In comments at an American Bar Association-sponsored conference, Eileen Rominger, director of the SEC’s investment Management Division said one of the areas the SEC is concerned about is disclosure of use of derivatives.
Disclosures should “clearly reflect the actual role that derivatives play in the overall investment strategy of your funds.”
Rominger made clear that the SEC views living benefits, “even when offered as riders’, to be an integral part of the contract offering.”
For that reason, Rominger said, insurers and their lawyers “should pay as much attention to disclosure concerning these benefits as you do to other features of a variable contract.”
Another issue is that the SEC finds that a number of living benefit products limit the investment options offered to purchasers.
“Indeed, purchasers of these optional benefits are facing increasing limitations on investment choices, reflecting an effort by insurers to limit volatility of the investments that are subject to the benefits,” Rominger said.
For example, she said variable annuity contracts often prohibit allocations to the more volatile funds, or require participation in a conservative asset allocation model that is designed and maintained with reference to the insurer’s exposure under its living benefits.

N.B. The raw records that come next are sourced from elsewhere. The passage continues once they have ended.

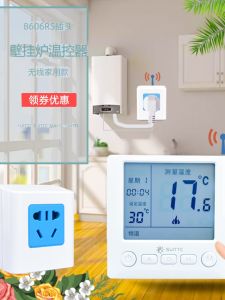 XinYuan SUITTC8606RS Wall-Mounted Boiler Thermostat Large Screen LCD Programming Switch Built-In Temperature Control System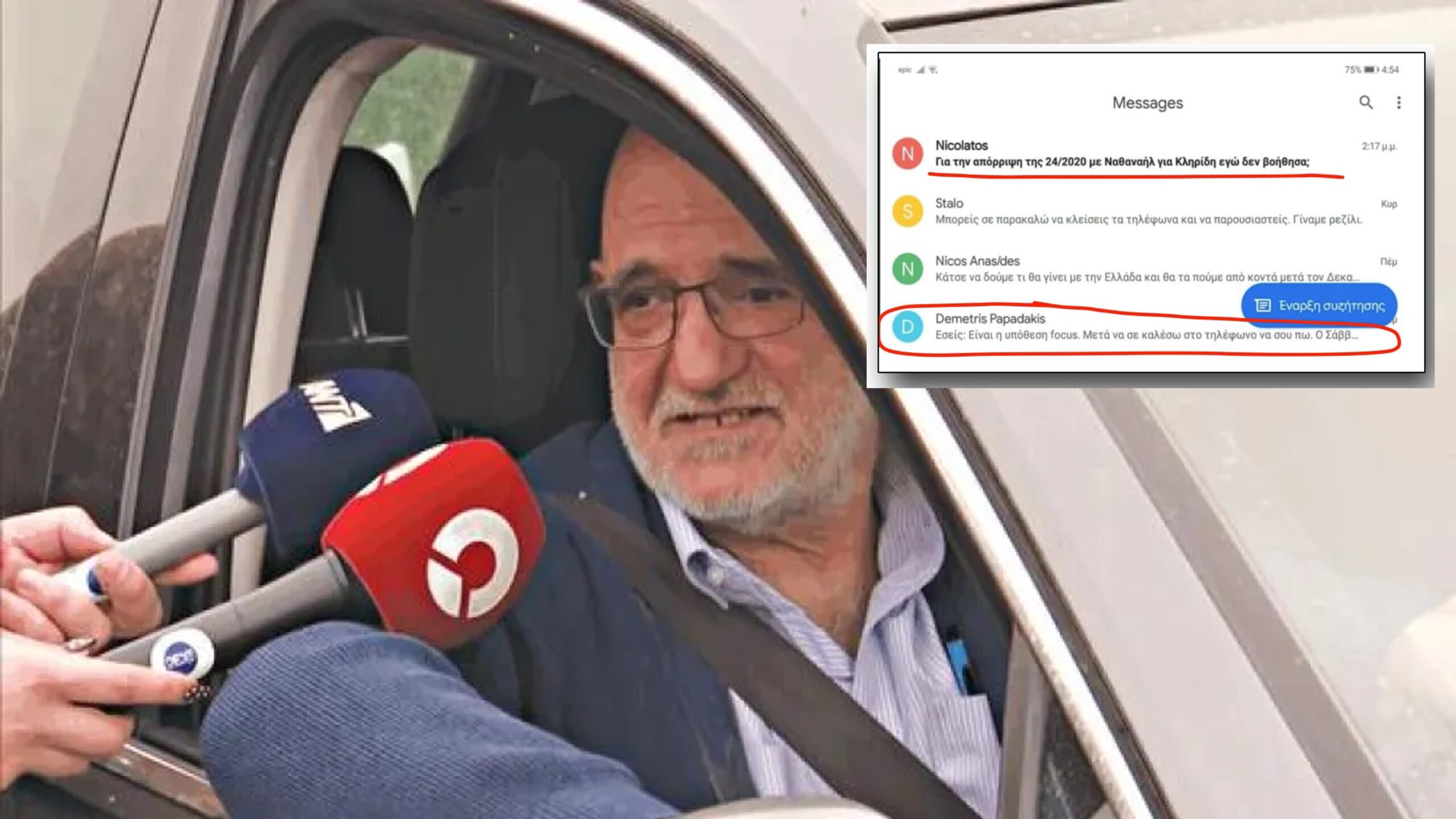 &Epsilon;&pi;&alpha;&nu;έ&rho;&chi;&epsilon;&tau;&alpha;&iota; &omicron; &Delta;&rho;&omicron;&upsilon;&sigma;&iota;ώ&tau;&eta;&sigmaf; &kappa;&iota; &alpha;&pi;&omicron;&kappa;&alpha;&lambda;&epsilon;ί &tau;&omicron;&nu; &Chi;&rho;&iota;&sigma;&tau;&omicron;&delta;&omicron;&upsilon;&lambda;ί&delta;&eta; &laquo;&upsilon;&pi;&alpha;&sigma;&pi;&iota;&sigma;&tau;ή &tau;&eta;&sigmaf; &laquo;&Alpha;&delta;&epsilon;&lambda;&phi;ό&tau;&eta;&tau;&alpha;&sigmaf;&raquo;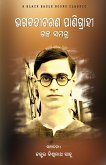 Bhagabati Charan Panigrahi Galpa Samagra Bhagabati Charan Panigrahi Galpa Samagra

She said an important staff concern has been to ensure that investors are apprised of the trade-offs involved in such an arrangement.
“I believe that prospectuses should make clear to investors purchasing the benefits that these investment restrictions may limit the upside potential of their investment, and that such restrictions also reduce the likelihood that the downside protection offered by these benefits will ever actually be ‘in the money’,” she said.
Rominger also said that many insurers also control underlying investments by implementing asset allocation models that move account value among underlying funds pursuant to a formula.
“Account allocations to equity funds, or to funds that may involve a higher level of volatility, are changed to more conservative investments, such as government bond funds or money market funds, during declining markets and, in some cases, moved back to the original fund allocation during periods of sustained market growth,” she said.
As a disclosure matter, “I believe that it is important that any ability of an insurer unilaterally to change account allocations be clearly explained,” Rominger said.
Similarly, the contract prospectus should make clear to investors the circumstances under which account allocations may be changed and the effects of such changes, such as the possibility of missing a market uptick during a period of fixed income allocations, she said.
She also voiced concerns about the use of “guaranteed” in VAs that provide living benefits.
She said that the term “guaranteed” as used in other contexts often connotes some level of support of an issuer’s obligations by a third-party guarantor.
She said that as used in the variable products context, the term generally has been used to signify a promise by the insurer, the fulfillment of which is subject to the claims-paying ability of the insurer and is not backed by any third-party guarantor.
For this reason, Rominger said that the SEC staff is concerned about potential confusion on the part of investors over the nature of so-called “guaranteed” benefits.
“I would encourage you to review your disclosure to ensure that it makes clear the credit risk associated with any insurer obligation to pay a living benefit — or any other benefit — offered under a variable contract,” she said.